● **Extracted data**:
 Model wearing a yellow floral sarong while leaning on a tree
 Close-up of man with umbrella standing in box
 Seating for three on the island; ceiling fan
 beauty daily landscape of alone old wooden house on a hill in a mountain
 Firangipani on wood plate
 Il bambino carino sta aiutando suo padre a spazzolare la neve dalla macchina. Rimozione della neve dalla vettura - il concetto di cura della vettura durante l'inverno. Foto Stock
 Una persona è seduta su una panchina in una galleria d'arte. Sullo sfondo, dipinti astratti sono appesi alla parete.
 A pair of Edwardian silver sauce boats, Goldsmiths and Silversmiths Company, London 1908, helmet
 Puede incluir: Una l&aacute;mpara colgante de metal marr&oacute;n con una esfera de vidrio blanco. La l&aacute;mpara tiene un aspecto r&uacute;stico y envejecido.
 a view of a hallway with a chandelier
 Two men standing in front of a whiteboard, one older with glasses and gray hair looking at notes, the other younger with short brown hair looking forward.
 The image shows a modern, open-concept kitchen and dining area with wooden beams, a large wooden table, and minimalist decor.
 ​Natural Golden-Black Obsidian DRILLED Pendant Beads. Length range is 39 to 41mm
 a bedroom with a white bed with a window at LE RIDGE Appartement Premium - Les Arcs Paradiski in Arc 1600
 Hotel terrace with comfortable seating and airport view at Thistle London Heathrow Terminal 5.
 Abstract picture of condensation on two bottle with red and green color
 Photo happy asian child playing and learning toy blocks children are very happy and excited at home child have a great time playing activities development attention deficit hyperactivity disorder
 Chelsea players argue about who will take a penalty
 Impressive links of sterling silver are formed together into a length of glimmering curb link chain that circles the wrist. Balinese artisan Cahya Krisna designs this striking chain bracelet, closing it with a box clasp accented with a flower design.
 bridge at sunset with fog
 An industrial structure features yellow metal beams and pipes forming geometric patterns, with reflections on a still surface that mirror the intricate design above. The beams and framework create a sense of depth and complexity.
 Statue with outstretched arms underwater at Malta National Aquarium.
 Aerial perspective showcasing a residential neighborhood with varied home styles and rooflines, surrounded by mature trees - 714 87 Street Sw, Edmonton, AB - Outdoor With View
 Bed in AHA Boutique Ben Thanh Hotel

● **Activity**: From the listing, copy every line where the string "beams" appears.

● **Response area**:
 The image shows a modern, open-concept kitchen and dining area with wooden beams, a large wooden table, and minimalist decor.
 An industrial structure features yellow metal beams and pipes forming geometric patterns, with reflections on a still surface that mirror the intricate design above. The beams and framework create a sense of depth and complexity.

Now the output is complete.